Naturalmente que esses chopes, e inclusive o Chalé, fosse um local onde toda a comunidade alemã da cidade se encontrassem. E, para acentuar a cor local (como diz Ruschel), o quiosque tinha (e prá quem for lá ainda hoje, está lá) um pequeno palco, quase no teto, onde ficava um pequeno conjunto regional, que se empoleirava e tocava dobrados ou até a carga da Cavalaria Ligeira, do Von Suppé.

Ou então, tocava ali um trio clássico, com violino, piano e violoncelo, e tocavam desde Chopin até Beethoven. Ou então, como diz Ruschel, o regional puxava algumas marchinhas marciais, e a estudantada cantava junto, mesmo brasileiros — entre eles, Paulo de Gouvêa, Teodomiro Tostes, Athos Damasceno e muitos outros, que se tornariam intelectuais do começo da Revista do Globo e da imprensa do começo do século passado.

Ruschel conta do espanto do ensaísta R. Magalhães Júnior ao presenciar, aqui em Porto Alegre, no Hubertus ou no Chalé, o desfile de cantores e cantoras entoando lieder de Schubert ou valsas do Strauss filho nos germânicos saraus noturnos de então: “meu Deus, isso aqui não é o Brasil, eu estou em Viena ou no Prater”.
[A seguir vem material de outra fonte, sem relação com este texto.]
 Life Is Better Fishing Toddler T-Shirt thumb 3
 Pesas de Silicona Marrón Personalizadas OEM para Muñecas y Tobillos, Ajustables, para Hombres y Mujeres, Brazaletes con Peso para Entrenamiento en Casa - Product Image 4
Resumindo: o Chalé pertence a uma época de ascendência da comunidade germânica na cidade, época que morreu depois da I Guerra e foi varrida depois da Segunda. Aliás, a biografia do arquiteto Theo Wiederspahn fala muito da injustiça que ele (e muitos outros) sofreu por ser de origem teutônica a partir de então (mas isso também é assunto para um próximo post). época essa cujo mais simbólico atavismo é, justamente, o famoso quiosque que existe ali até hoje — e que parece estar tão longe de suas origens culturais. Pelo menos o chope ainda resiste!